The lemon has achieved almost archetypal status in modern society, representing the belief that there are occasional cases where product defects in design or manufacturing coalesce into a prefect storm to produce a product of very low quality and poor reliability.

Lemons were once a very common experience among car buyers. I myself have owned several…but not in the last 20 years. Since the late ’70’s I’ve always had a new company vehicle every 3-4 years, in addition to many “hobby” cars. Over that 35 year time span, I’ve probably owned about 20 cars, with perhaps four genuine lemons. But, as I say, not in the last 20 years. I think that with the development of Computer Assisted Design (CAD) and manufacturing (CAM), quality initiatives such as Six Sigma and Total Quality Management (TQM), the use of test tracks, accelerated “torture” testing, etc., the likelihood of lemons has been vastly diminished. Oh, you may well get a car you don’t like from a comfort or performance perspective (I hated my 2008 Subaru Impreza), but in general cars today are pretty good from a reliability perspective.
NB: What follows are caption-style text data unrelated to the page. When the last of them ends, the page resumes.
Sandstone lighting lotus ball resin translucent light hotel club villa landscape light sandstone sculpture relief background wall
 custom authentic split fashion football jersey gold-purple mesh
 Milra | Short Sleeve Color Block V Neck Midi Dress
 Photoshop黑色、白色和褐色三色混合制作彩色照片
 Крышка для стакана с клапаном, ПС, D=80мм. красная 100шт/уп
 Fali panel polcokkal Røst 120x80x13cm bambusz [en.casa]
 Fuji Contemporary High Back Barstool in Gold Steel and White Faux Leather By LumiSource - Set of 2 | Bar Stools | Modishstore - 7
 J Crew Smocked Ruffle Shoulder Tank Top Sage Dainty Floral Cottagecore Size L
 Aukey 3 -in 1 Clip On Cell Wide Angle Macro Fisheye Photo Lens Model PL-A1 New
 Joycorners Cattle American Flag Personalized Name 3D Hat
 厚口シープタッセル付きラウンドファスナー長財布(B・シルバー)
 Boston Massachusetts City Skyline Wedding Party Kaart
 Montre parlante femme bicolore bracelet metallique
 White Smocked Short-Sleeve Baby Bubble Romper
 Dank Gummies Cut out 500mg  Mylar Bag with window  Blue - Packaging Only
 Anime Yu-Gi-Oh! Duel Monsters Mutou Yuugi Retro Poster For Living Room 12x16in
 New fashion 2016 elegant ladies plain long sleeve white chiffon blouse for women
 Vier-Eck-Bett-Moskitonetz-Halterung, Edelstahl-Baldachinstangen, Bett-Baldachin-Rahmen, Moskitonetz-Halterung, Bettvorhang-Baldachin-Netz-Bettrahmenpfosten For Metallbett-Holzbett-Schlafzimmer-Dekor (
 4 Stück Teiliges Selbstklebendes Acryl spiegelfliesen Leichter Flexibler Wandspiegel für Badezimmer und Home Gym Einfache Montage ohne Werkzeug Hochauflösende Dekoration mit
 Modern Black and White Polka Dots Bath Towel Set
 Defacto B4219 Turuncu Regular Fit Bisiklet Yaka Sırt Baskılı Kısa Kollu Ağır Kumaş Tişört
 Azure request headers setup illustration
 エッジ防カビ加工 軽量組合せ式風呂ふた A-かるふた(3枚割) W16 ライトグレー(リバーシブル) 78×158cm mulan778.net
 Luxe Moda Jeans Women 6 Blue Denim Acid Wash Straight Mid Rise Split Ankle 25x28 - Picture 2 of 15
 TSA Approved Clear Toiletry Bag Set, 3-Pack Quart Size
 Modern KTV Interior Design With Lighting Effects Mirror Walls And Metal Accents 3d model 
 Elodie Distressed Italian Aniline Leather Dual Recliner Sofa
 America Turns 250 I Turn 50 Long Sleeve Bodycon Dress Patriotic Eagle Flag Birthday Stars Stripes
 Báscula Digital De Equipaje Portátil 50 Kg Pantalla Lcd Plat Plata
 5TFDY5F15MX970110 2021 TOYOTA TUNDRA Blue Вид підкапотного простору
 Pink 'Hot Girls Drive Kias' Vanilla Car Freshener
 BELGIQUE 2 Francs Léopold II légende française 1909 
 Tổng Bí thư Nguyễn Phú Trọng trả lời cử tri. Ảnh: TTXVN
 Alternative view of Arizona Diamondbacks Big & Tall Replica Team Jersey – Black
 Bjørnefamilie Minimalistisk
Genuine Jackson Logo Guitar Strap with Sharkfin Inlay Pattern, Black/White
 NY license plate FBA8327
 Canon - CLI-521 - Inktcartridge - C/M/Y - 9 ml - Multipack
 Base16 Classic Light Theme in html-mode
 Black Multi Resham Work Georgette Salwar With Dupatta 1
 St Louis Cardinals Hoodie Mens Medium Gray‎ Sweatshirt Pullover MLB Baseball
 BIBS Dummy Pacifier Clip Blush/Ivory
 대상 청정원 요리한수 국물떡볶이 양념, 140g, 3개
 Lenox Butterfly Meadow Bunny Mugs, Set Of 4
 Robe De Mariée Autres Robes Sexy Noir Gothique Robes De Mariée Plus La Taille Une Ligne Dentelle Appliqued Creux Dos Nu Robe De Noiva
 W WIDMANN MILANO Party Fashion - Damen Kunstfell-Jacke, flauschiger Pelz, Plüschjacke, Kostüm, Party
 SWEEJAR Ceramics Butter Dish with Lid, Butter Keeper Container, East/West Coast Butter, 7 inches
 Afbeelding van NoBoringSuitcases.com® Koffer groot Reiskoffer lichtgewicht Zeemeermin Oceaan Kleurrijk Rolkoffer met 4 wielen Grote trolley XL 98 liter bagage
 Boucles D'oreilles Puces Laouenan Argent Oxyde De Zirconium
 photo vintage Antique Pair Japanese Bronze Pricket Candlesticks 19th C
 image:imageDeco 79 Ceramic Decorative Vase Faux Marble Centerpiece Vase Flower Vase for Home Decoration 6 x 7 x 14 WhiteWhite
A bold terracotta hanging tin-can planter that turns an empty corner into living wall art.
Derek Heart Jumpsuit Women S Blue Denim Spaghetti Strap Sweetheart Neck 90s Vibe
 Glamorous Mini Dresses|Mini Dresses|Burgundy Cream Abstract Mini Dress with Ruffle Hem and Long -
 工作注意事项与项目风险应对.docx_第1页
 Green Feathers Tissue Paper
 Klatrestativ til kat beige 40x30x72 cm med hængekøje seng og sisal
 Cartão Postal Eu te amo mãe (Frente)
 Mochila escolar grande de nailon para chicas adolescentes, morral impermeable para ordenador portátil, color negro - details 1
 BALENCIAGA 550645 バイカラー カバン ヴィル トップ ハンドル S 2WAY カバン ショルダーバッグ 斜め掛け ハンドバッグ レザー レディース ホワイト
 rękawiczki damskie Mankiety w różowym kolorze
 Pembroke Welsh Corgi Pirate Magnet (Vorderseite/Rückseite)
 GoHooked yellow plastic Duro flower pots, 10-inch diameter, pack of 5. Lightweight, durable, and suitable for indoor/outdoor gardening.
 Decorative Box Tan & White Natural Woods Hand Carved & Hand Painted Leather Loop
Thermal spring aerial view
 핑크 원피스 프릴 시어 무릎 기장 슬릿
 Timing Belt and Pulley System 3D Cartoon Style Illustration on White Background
The above of course assumes vehicles of a provenance that recognizes North American climatic realities and buyer values. I’m not sure that a Russian or Indian car would meet current consumer expectations, and frankly, if you buy anything British, you’re just asking for trouble, IMHO. Italian cars? Not sure. We’ll have to see how Fiat does here in the coming years, but memories of its acronym, “Fix It Again Tony”, still reverberate loudly. But overall, this is a pretty good time to be a car buyer.